2013-08-20, Damnjanovic, Bojana, Weber, Annemarie, Odermatt, Meike, Greie, Jörg-Christian, Apell, Hans-Jürgen

The high-affinity potassium uptake system KdpFABC is a unique type Ia P-type ATPase, because it separates the sites of ATP hydrolysis and ion transport on two different subunits. KdpFABC was expressed in Escherichia coli. It was then isolated and purified to homogeneity to obtain a detergent-solubilized enzyme complex that allowed the analysis of ion binding properties. The electrogenicity and binding affinities of the ion pump for K+ and H+ were determined in detergent-solubilized complexes by means of the electrochromic styryl dye RH421. Half-saturating K+ concentrations and pK values for H+ binding could be obtained in both the unphosphorylated and phosphorylated conformations of KdpFABC. The interaction of both ions with KdpFABC was studied in detail, and the presence of independent binding sites was ascertained.
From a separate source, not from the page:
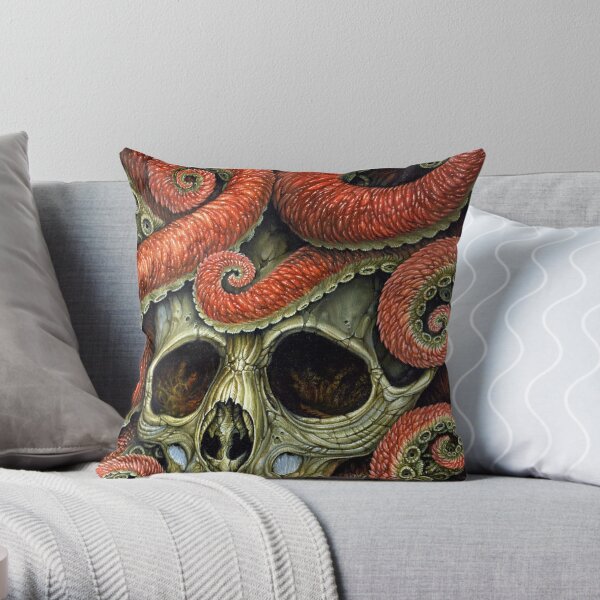 Multicolor 18x18 Shop MechanicalWhispers Official Octopus Kraken Tentacle Mermaid Novelty Ocean Ink Sea Art Throw Pillow 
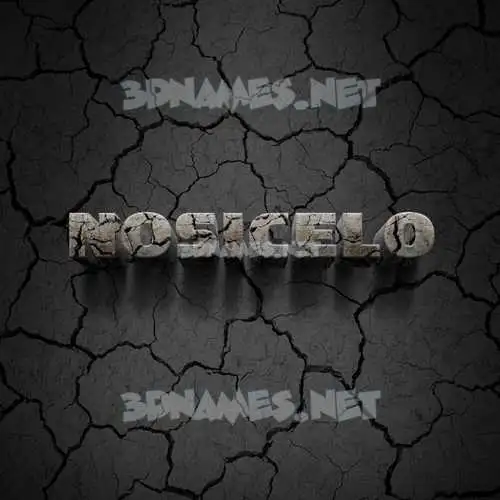 nosicelo in Cracked Stone style - 3D name wallpaper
It is proposed that KdpFABC reconstituted in vesicles translocates protons at a low efficiency opposite from the well-established import of K+ into the bacteria. On the basis of our results, various mechanistic pump cycle models were derived from the general Post–Albers scheme of P-type ATPases and discussed in the framework of the experimental evidence to propose a possible molecular pump cycle for KdpFABC.